We have obtained, 97.8% accuracy on training set which signals overfitting although 54.9% accuracy on test data, which is still okay enough.

## Support Vector Classifier (SVC)
Here I repeat linear classification but with support vectors using RBF kernel

In [8]:
#Support Vector Classifier Model
from sklearn.svm import SVC
clf = SVC(kernel='rbf', gamma='auto') #RBF Kernel

#process: model fitting and computing accuracy scores
#input: training and testing data with features + labels, svc model
#output: accuracy score on training and testing data
def fit_metrics(X_train, y_train, X_test, y_test, clf):
    clf.fit(X_train,y_train) #model fitting
    y_train_pred = clf.predict(X_train) #predicting on train data
    y_test_pred = clf.predict(X_test) #predicting on test data
    print("Train data accuracy_score(): ", accuracy_score(y_train_pred,y_train))
    print("Test data accuracy_score(): ", accuracy_score(y_test_pred,y_test))

In [9]:
from sklearn.metrics import accuracy_score
#metrics of SVC model
fit_metrics(X_train, y_train, X_test, y_test, clf) 

Train data accuracy_score():  0.9776785714285714
Test data accuracy_score():  0.48484848484848486


## Reduced Representation: Principal Component Analysis (PCA)
Now, we reduce the data into 2 principal components and then fit our SVC model and measure accuracy. I chose 2 after trying with different n_components value, because only the first two had major explained variance ratio. Example, with 10 components I got the explained variance ratio as 
array([0.30917742, 0.15128824, 0.04738025, 0.03173914, 0.02739319, 0.02393147, 0.02155885, 0.01492888, 0.01339326, 0.01066094])

In [10]:
#Principal Component Analysis decomposition of data
#train and test data PCA transformation
from sklearn import decomposition
pca = decomposition.PCA(n_components=2)
pca.fit(X_train) #PCA fitting
X_train_PCA = pca.transform(X_train) #PCA transformation
X_test_PCA = pca.transform(X_test) #PCA transformation

In [11]:
#Metrics of SVC trained model with PCA transformed data
fit_metrics(X_train_PCA, y_train, X_test_PCA, y_test, clf)

Train data accuracy_score():  0.9776785714285714
Test data accuracy_score():  0.48663101604278075


In [12]:
#PCA Explained Variance Ratio, only the first 2 had major ratio
pca.explained_variance_ratio_

array([0.30917742, 0.15128824])

Here, we get again ~ 97% accuracy on training but decreased test accuracy of 48.7%. PCA did not improve our model

## Reduced Representation: Linear Discriminant Analysis (LDA)
Similarly, we attempt LDA to reduce our data and then fit SVC model to obtain accuracy

In [13]:
#Linear Discriminant Analysis
from sklearn.discriminant_analysis import LinearDiscriminantAnalysis
lda = LinearDiscriminantAnalysis()
X_train_LDA = lda.fit_transform(X_train, y_train)
X_test_LDA = lda.fit_transform(X_test, y_test)



In [14]:
#F#Metrics of SVC trained model with LDA transformed data
fit_metrics(X_train_LDA, y_train, X_test_LDA, y_test, clf)

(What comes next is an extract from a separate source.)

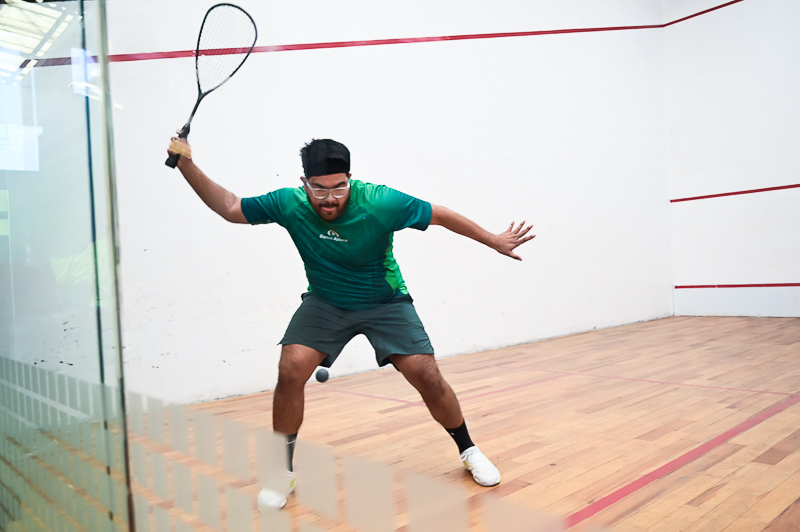 Squash_1/squash_087.jpg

Train data accuracy_score():  0.8705357142857143
Test data accuracy_score():  0.5098039215686274


We get 87% accuracy on train data, and our test score accuracy is 50% which signals overfitting and also is less than 54% (the highest score) we got for linear classifier without any data reduction. Anyway, this model is no better than taking a guess.